Records from a dataset:
Start of Block

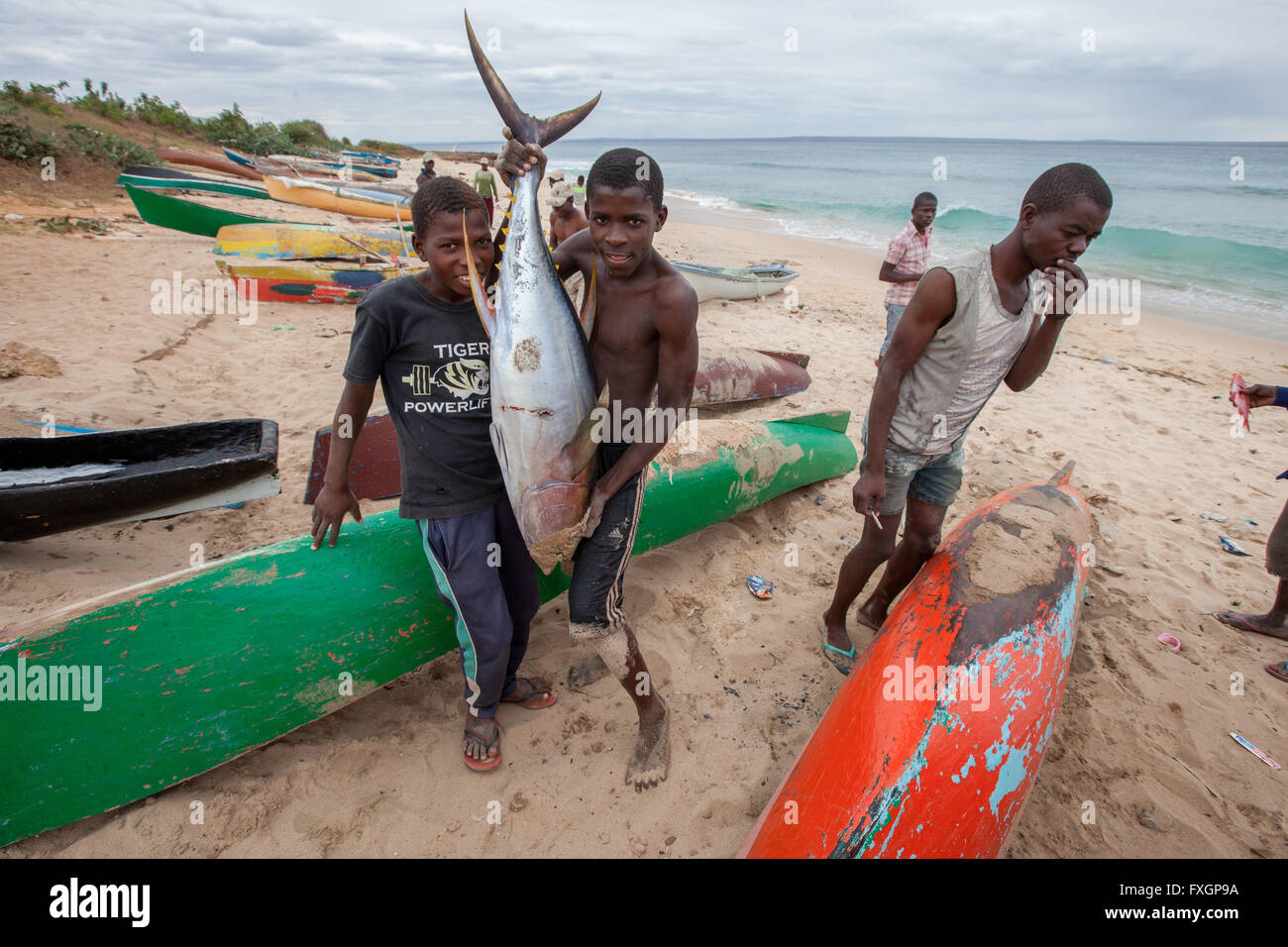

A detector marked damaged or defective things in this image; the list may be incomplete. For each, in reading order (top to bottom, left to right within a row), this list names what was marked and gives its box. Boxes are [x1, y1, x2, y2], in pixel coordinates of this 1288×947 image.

peeling paint on hull [741, 469, 1092, 860]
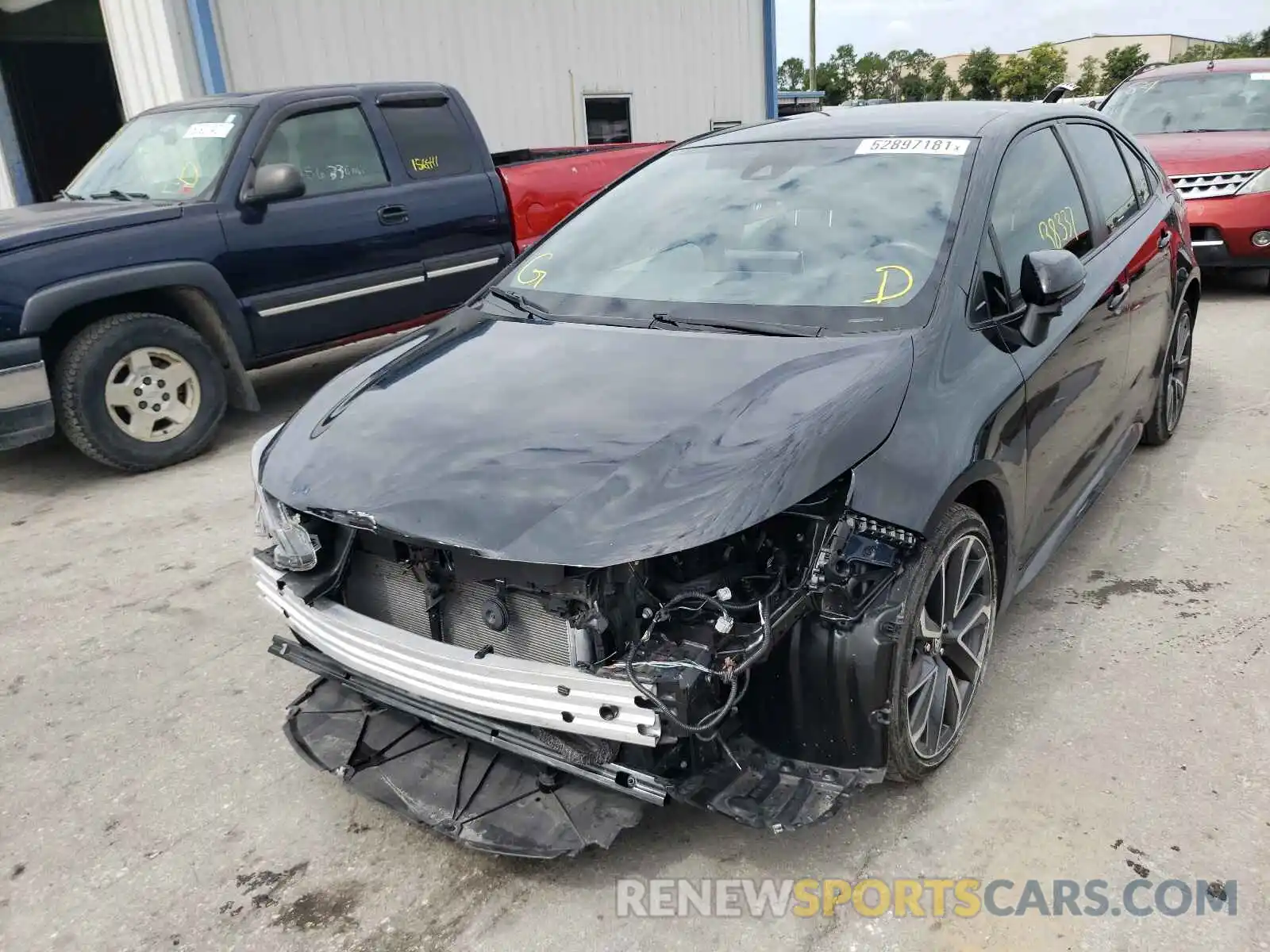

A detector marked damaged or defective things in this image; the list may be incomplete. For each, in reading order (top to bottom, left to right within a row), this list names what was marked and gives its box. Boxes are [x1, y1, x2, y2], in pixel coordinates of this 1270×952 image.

crumpled hood [0, 200, 181, 252]
crumpled hood [1137, 130, 1270, 175]
broken headlight mount [246, 425, 318, 571]
crumpled hood [260, 311, 914, 565]
damaged black sedan [248, 102, 1200, 857]
bent chassis [256, 505, 914, 863]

End of Block

● PROBLEM TO SOLVE
Set each line of the records down exactly, leaving every picture out.

● PROBLEM SOLUTION
A detector marked damaged or defective things in this image; the list may be incomplete. For each, in reading order (top to bottom, left to right within a row), this list names what was marked and gives its box. Boxes are [x1, y1, x2, y2], in pixel coordinates of this 1288×947 image.

peeling paint on hull [741, 469, 1092, 860]

A detector marked damaged or defective things in this image; the list may be incomplete. For each, in reading order (top to bottom, left to right within a row), this list names what was marked and gives its box. Boxes are [x1, y1, x2, y2], in pixel coordinates of this 1270×952 image.

crumpled hood [0, 200, 181, 252]
crumpled hood [1137, 130, 1270, 175]
broken headlight mount [246, 425, 318, 571]
crumpled hood [260, 311, 914, 565]
damaged black sedan [248, 102, 1200, 857]
bent chassis [256, 505, 914, 863]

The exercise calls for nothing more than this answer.